Moving on from the Calf Creek Campground we continued east towards Boulder, Utah, reportedly the last town in the Lower 48 to receive postal service. Here, you can cut south along the Burr Trail Road and descend into the canyon country that ultimately becomes Capitol Reef National Park, or you can head straight and go up and over Boulder Mountain. Ideally, you go out one way and come back the other. We decided to drive up the mountain. There's a fascinating scenic contrast along this route. You wind through high alpine forests of aspen and pine, but at the summit view points you stare way down, and way out at the barren rocklands of the massive Colorado Plateau. What appears on the road atlas as a little square of non-descript brown reveals itself to be this glorious jumble of sunset colored canyons, walled-in to the southeast by the snow-capped Henry Mountains. When Powell and Freemont first explored this area there were literal blank spaces on their maps. In terms of American population density, what you are looking at is the statistical Middle of Nowhere.
We continued on to Capitol Reef National Park with the intention of camping two more nights before returning home. Capitol Reef is a unique park in the sense that many of the trails, interpretive walks, as well as the visitor center and campground, can be accessed without paying an entrance fee. This fact, coupled with the relative remoteness of the area, creates a very different human dynamic within the park, and especially within the campground. This isn't a stop on a typical parkland itinerary. Here, I became as much an amateur anthropologist as an observer of nature. The unique cultural experience that is life at the Fruita campground is as interesting and entertaining as anything I might have seen in Las Vegas. If I had stopped there. Which I didn't. And that's fine. Really.
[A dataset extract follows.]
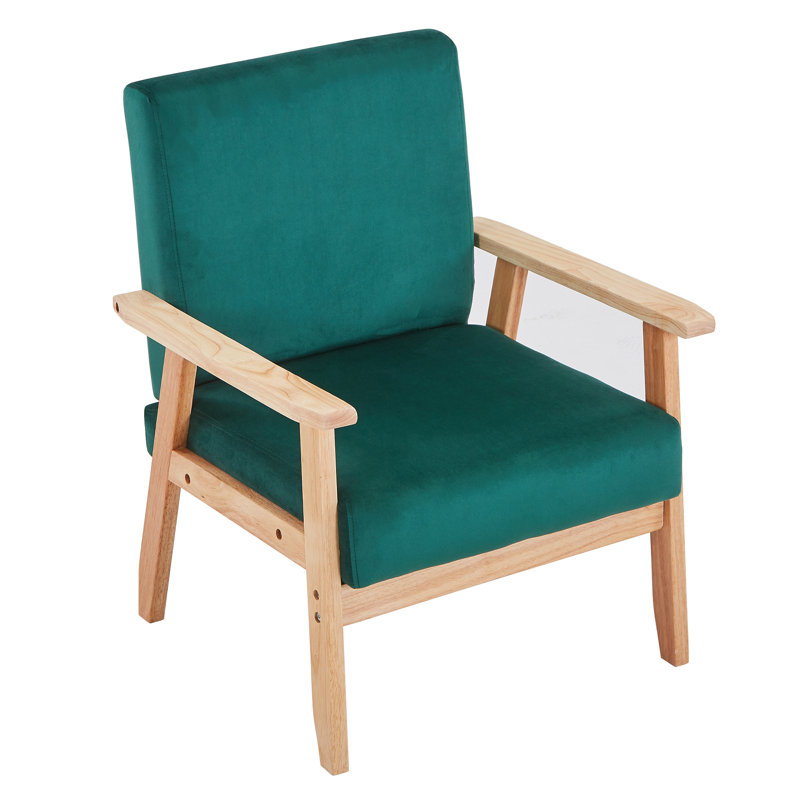 Fauteuil d'appoint en velours Bleona, Velours vert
We turned into the campground, relieved to find numerous available spots. If you can't find camping here, you have very limited options in the immediate vicinity. As we drove around I had the impression that we were crashing some enormous family reunion. Occupied campsites were packed with people of all ages. Utah locals rather than tourists. Huge buffets were set atop folding tables with American flag tablecloths. Large daytime campfires raged in firepits, fueled by free firewood (more on that later). We selected a campsite as far away from the festivities as possible, making the mistake of assuming that the unoccupied sites nearby would remain unoccupied. The lesson is this: better to choose the enemy you can see, and not the one who will come rolling in at one in the morning and spend the next two hours hammering tent spikes and ferrying children and dogs through your campsite to the bathroom.
Anyway, we set up camp and got back in the car. We drove out the park's scenic road and continued all the way to the Grand Wash turn-off. Here, you can continue down a nicely graded dirt road that follows the floor of the canyon and offers perspectives you usually have to get out of your car to enjoy.
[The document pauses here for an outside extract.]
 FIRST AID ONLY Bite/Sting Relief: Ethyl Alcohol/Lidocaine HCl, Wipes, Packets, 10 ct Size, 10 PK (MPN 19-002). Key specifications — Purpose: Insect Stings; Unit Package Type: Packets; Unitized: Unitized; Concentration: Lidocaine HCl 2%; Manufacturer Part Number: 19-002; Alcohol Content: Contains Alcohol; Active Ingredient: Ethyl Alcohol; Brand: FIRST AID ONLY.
We stopped at the parking lot and strolled around, resolving to return the next day to take a proper hike further into the canyon. Grand Wash connects with the highway so it is possible to through-hike the canyon if you have two cars. We then drove back out of the wash. And saw this bird.
We visited a few more scenic corners of the park and then returned to our campsite. That's when the fun really began...The campground was now full, and a chorus of wailing generators filled the air. The irony, of course, is that the people using these generators were shut up in their RVs, and insulated from the noise. The rest of us were free to make dinner, drink a beer, and take in the glory of nature with a lawnmower leafblower soundtrack. I walked around to investigate, to try and learn what I could about the situation. What surprised me most of all was the lack of indignation on the part of the other campers. Nobody seemed the least bit concerned about the noise, even tent campers like myself. It bothers me that this doesn't bother you. In fact, it bothers me more than the buzzing bothers me. How are you all okay with this?
* inaudible crickets*
What's wrong with me that I'm not okay with this?
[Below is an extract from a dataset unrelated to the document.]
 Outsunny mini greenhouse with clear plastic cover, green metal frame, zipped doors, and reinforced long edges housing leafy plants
Why is this what I'm thinking about right now?
So my relaxing southwestern road trip, my pilgrimage to those natural wonders most sacred to my heart, had devolved into this kind of auto-analytic ruminative bonanza on the nature of narcissism, empathy, and effective groundsleeping.
I went to my wife for solace, for commiseration, and what did she tell me? "You gotta get this shit sorted out, dude. You're about to have a baby."
In the morning I watched the park service unload free firewood. There is a storage area where it's supposed to go, but the line of people standing at the truck's tailgate intercepted all the wood before it could hit the ground. Large families brought any kid of load-baring age to the party. There was fussing and crying and that indignation I so missed the night before: "Sir, excuse me, sir, we have been waiting here for forty-five minutes. There's a line." You can't take it all sir. How is my family going to take it all if your family takes it all first?
One thing is clear to me about life: If you are frequently bothered by the behavior of other people, if you find them to be petty and insensitive and oblivious to anyone's needs but their own, if you think people can do better but choose not to, if you think you can travel to some place where people are decent, and more perfect, and more like you, well then you're just screwed. The only defense is to raise your own little army of rationality. Shoot out your own kids and pump them full of appropriate dogmatic principles. And that will work out great, because kids always do what their parents want.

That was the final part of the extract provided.